Stored records:
===

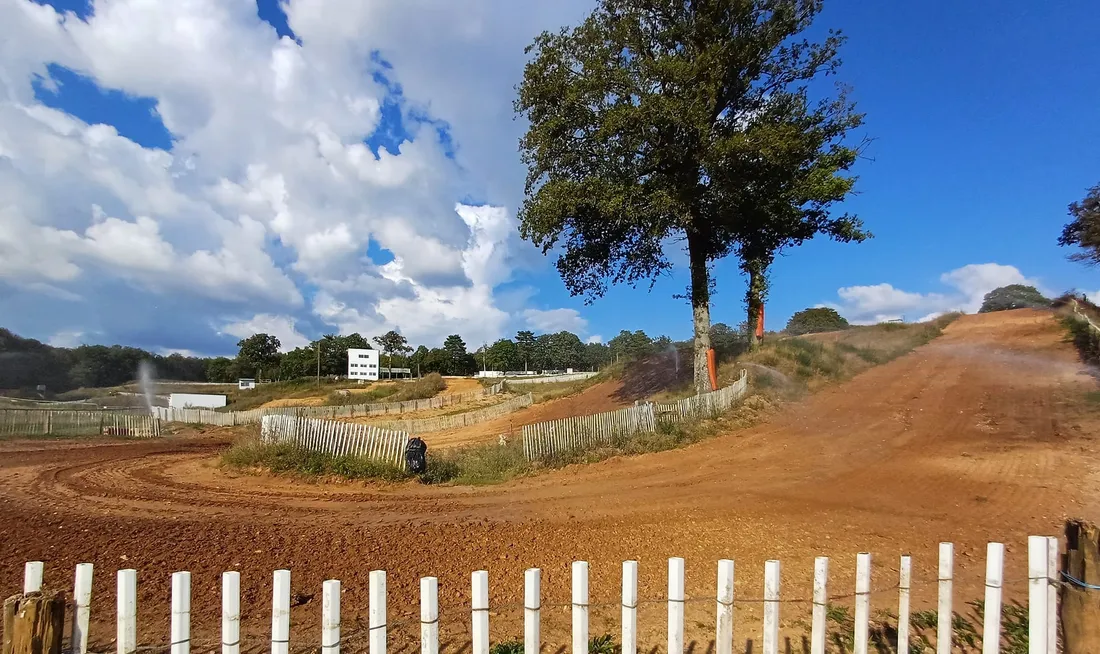 Circuit de Motocross des Tonnes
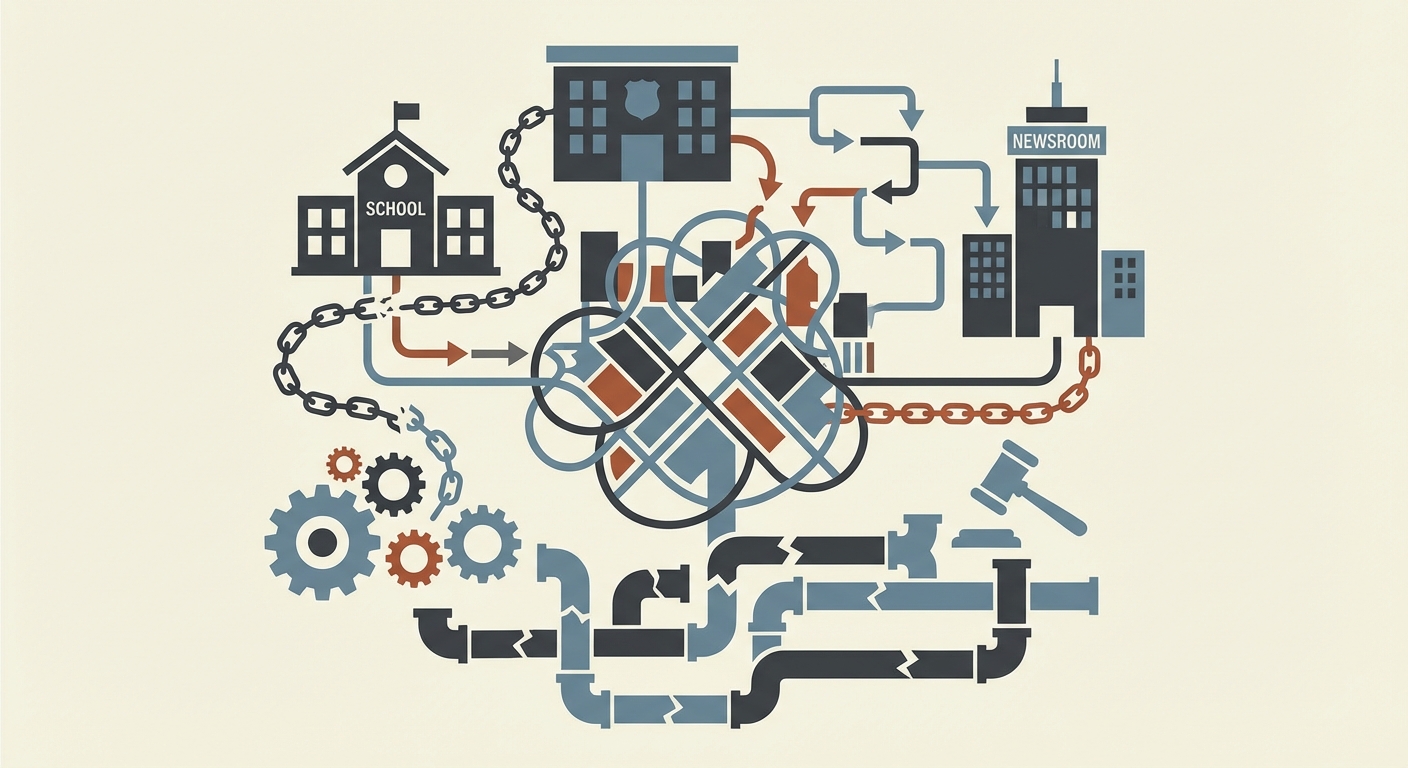 Representative image for question: Which HBO series, created by David Simon, examines Baltimore's drug trade, schools, and institutions across five seas...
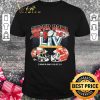I Survived Snovid-21 Texas Proud Texans Vintage Retro T-Shirt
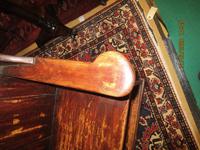 19th Century Painted Lambing Chair (6 of 6) 19th Century Painted Lambing Chair (6 of 6)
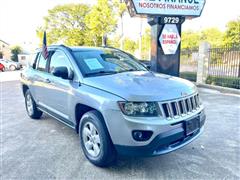 2015 Jeep Compass 
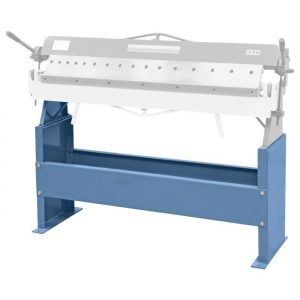 Socle pour Plieuse à tôle manuelle Bernardo SB 1220 S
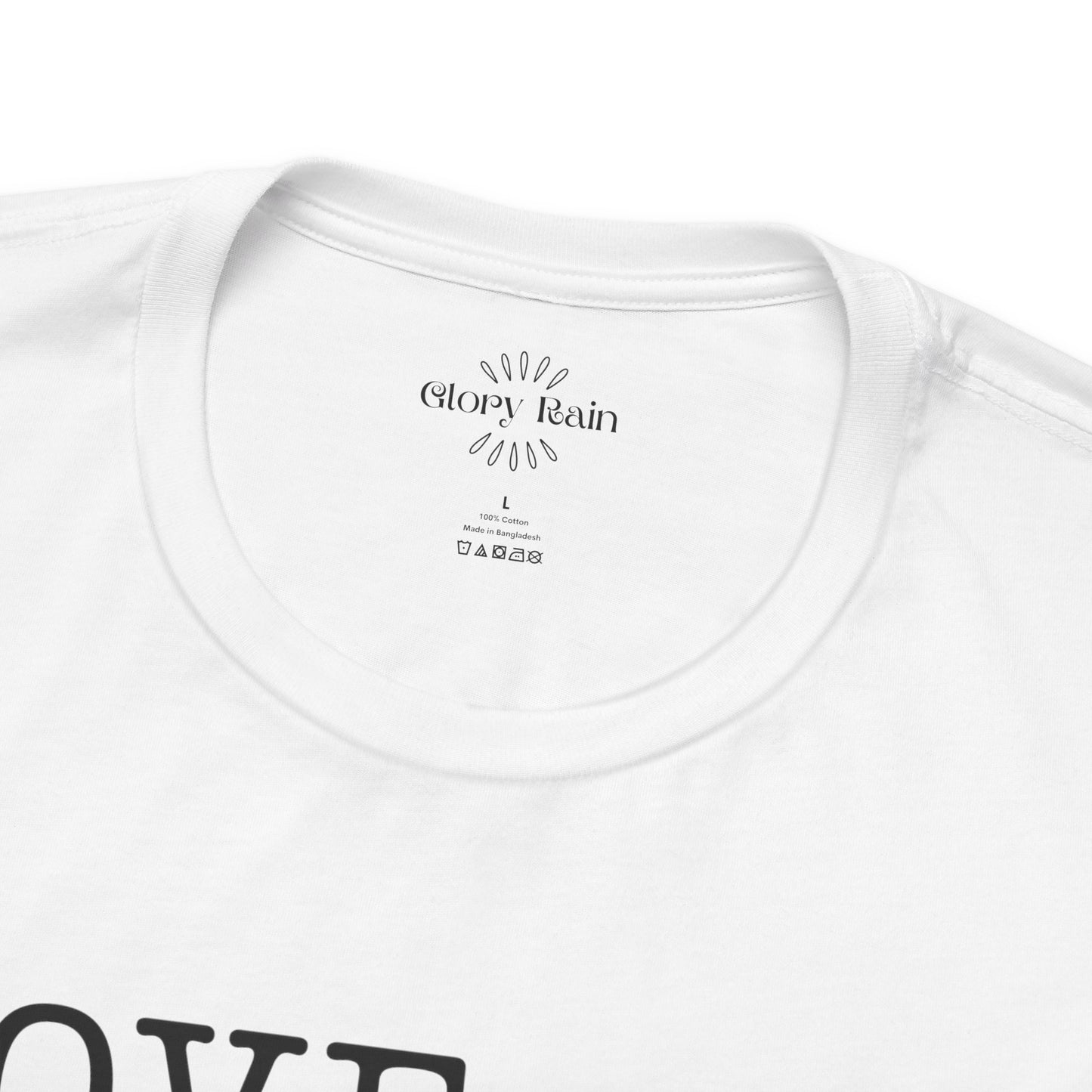 Love is the Key T-shirt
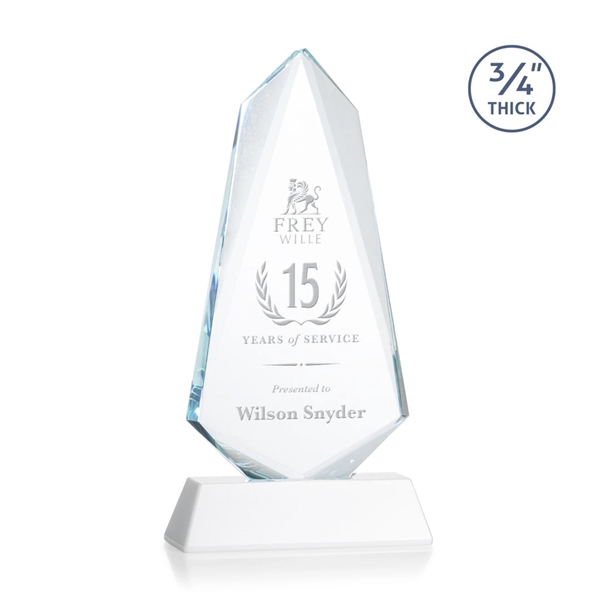 The Sheridan Award on Newhaven base features an exquisite 0... from ASI 84592 St Regis Group / St Regis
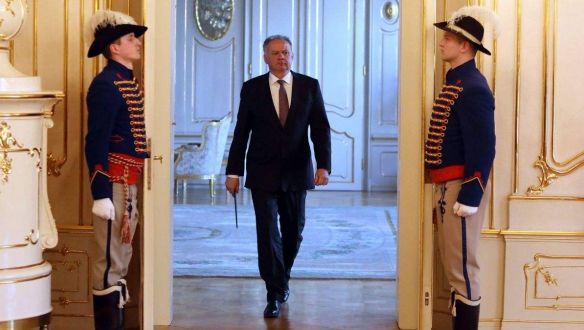 Van-e jövője a szlovák elnöknek a politikában, ha lejár a mandátuma?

===

▶ [ASSIGNMENT]
Could you reproduce exactly, and only, the lines from the one containing "Representative image for" through the end of the records above, both included, while leaving out the pictures?

▶ [ANSWER BOX]
 Representative image for question: Which HBO series, created by David Simon, examines Baltimore's drug trade, schools, and institutions across five seas...
I Survived Snovid-21 Texas Proud Texans Vintage Retro T-Shirt
 19th Century Painted Lambing Chair (6 of 6) 19th Century Painted Lambing Chair (6 of 6)
 2015 Jeep Compass 
 Socle pour Plieuse à tôle manuelle Bernardo SB 1220 S
 Love is the Key T-shirt
 The Sheridan Award on Newhaven base features an exquisite 0... from ASI 84592 St Regis Group / St Regis
 Van-e jövője a szlovák elnöknek a politikában, ha lejár a mandátuma?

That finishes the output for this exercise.